- _Problem to solve_
Only the lines of the listing below that run from the line with "An Affair Deal Chapter 8 Page 15" through the line with "Verso il colle vecchio dell'Agnello" are to be set down, word for word. Pictures stay out.

- _Extracted data_

_ _ _ _

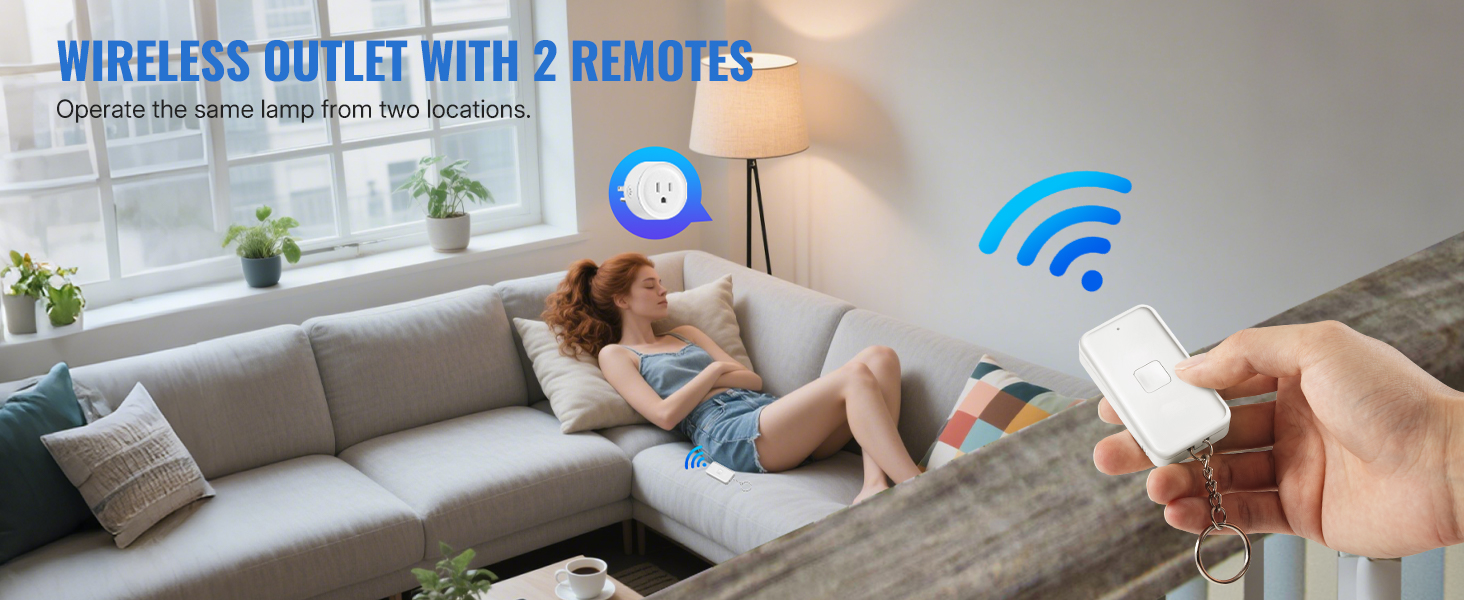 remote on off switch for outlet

_ _ _ _

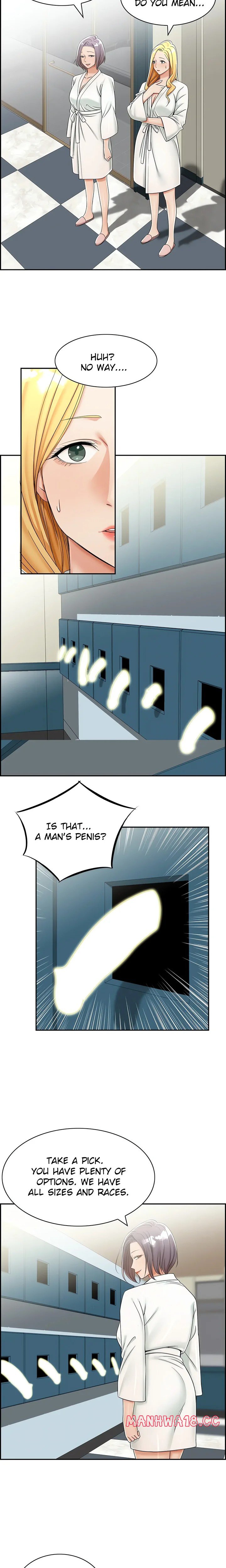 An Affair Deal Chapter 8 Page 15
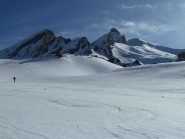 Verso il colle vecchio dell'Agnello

_ _ _ _

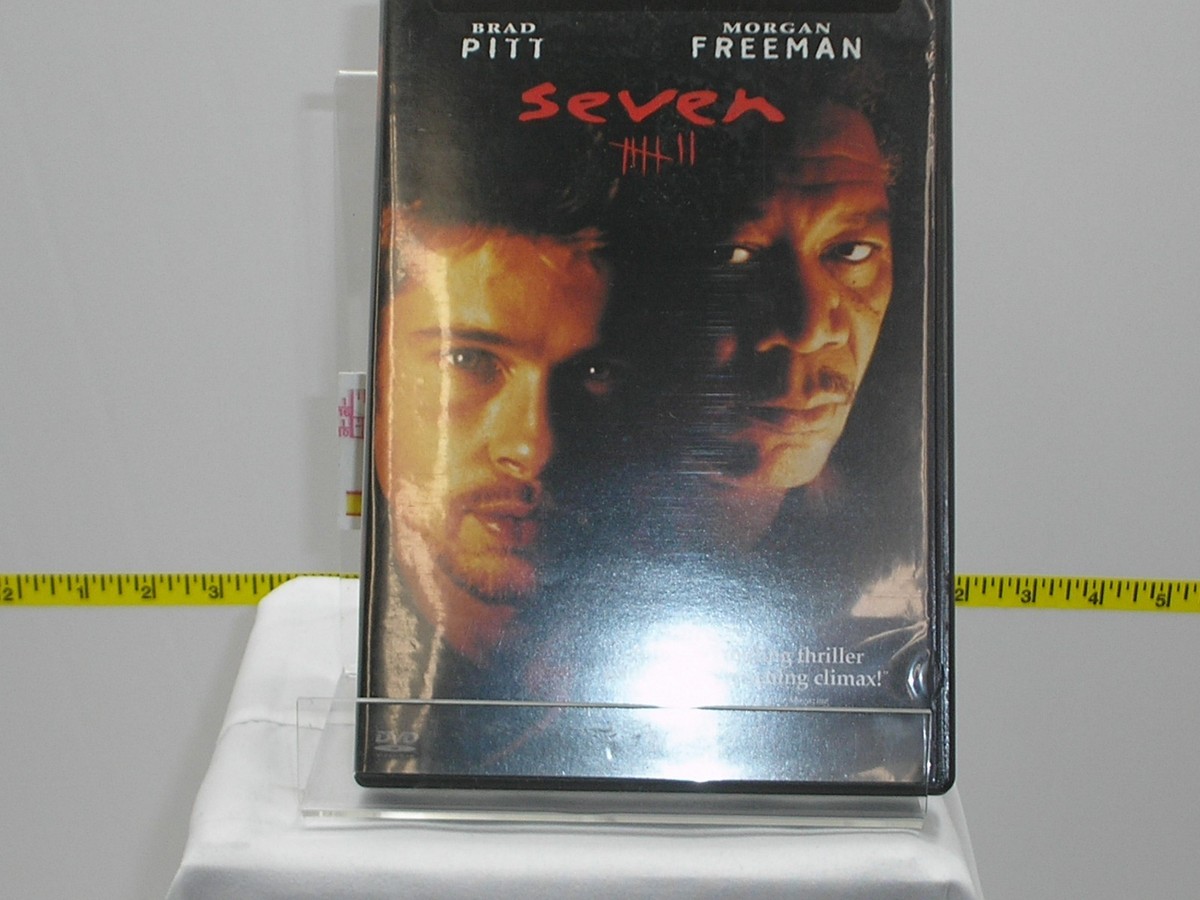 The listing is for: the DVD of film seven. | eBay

_ _ _ _

- _Solved problem_
 An Affair Deal Chapter 8 Page 15
 Verso il colle vecchio dell'Agnello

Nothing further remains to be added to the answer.